The issue, then, of whether Section 5 has run its course turns on the question of whether jurisdictions with ugly histories of voter discrimination that are not prepared to prove that they have clean records in recent years – jurisdictions like Alabama – are now just as trustworthy as those without similar histories.  The answer, I’m afraid, is that they’re not.

The stark degree of racially polarized voting in the South gives me much pause.  In the last presidential election, a healthy 40 percent of the white voting public crossed the racial divide and voted for a black president. In the Southern states covered by Section 5, the figure was much lower.  In my home state of Alabama, for example, the figure was a paltry 15%.  In Mississippi, the figure was even lower – 10%.  Something in the South is different.

The racial polarization in the presidential election was not unusual for my home state.  In the history of voting in Alabama, not a single black candidate has been able to defeat a white incumbent or win an open seat in a statewide race.  In majority white local jurisdictions, black political success is still rare.  Today, for example, not a single black sheriff or probate judge serves in a predominantly white Alabama county.  As a result of the high degree of white racial bloc voting, black office holders in Alabama are confined almost exclusively to minority districts created as a result of lawsuits like the one I filed in 1970 to ensure that black voters are not completely subsumed by majority white districts hostile to their interests.

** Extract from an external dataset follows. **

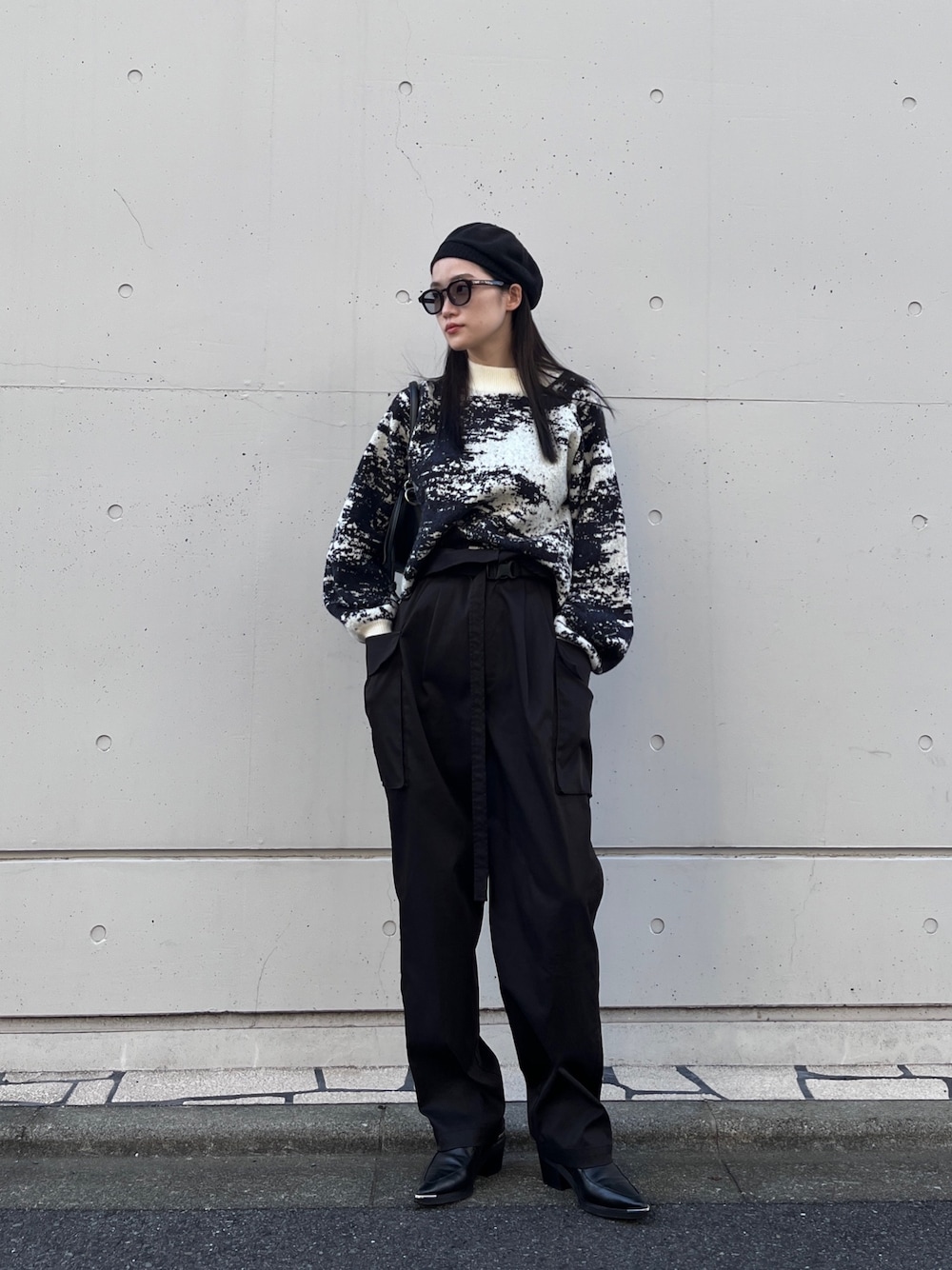 ホワイト系のニット/セーターを着用したレディースの秋コーディネートの1枚目の写真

The fact that voting is racially polarized does not mean that only racists can win elections in Alabama.  My state has seen many progressive white office holders over the years.  But, in a democracy, elected officials tend, over time, to be responsive to the interests of the electorate.  And in the state of Alabama, the electorate is still highly polarized along racial lines.  That polarization distorts the political process in ways that retard the growth of multiracial coalitions and give the majority the ability to dominate the minority. Given Alabama’s racial history and its reality of racially polarized voting today, the potential for electoral game playing still exists.  It’s that potential that Section 5 was designed to address.

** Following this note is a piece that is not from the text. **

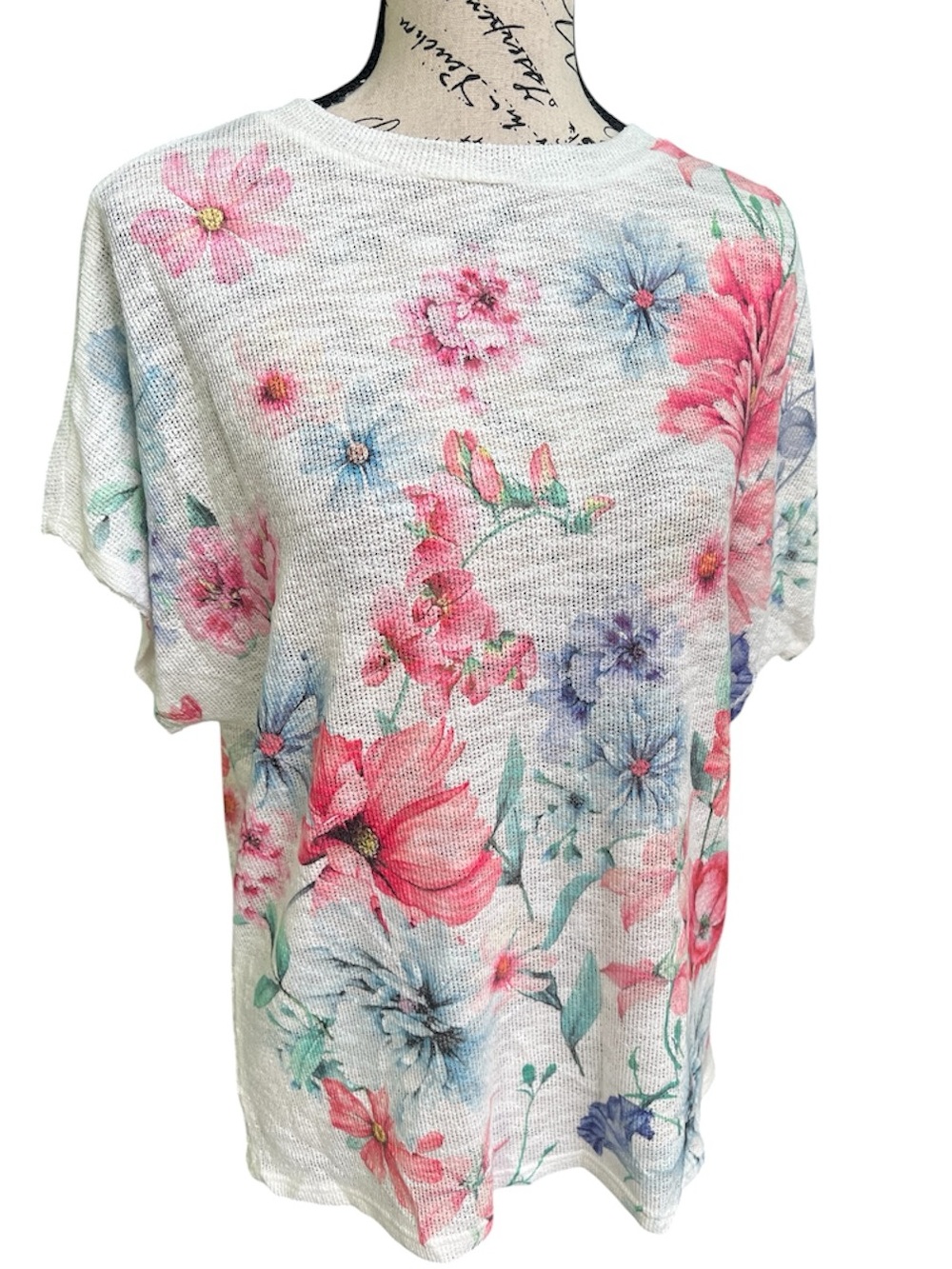Gaze Floral Short Sleeve Top in Pink and Blue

On March 25, 1965, forty-eight years ago today, I was at the Alabama Capitol at the end of the great Selma-to-Montgomery voting rights march.  As I listened to Dr. King speak less than a few steps from the spot where Jefferson Davis took the oath as president of the Confederacy, I was filled with great hope that one day my state would put its past behind it and enter a new era of multiracial brotherhood.  Dr. King said it would not be long.  I still have hope.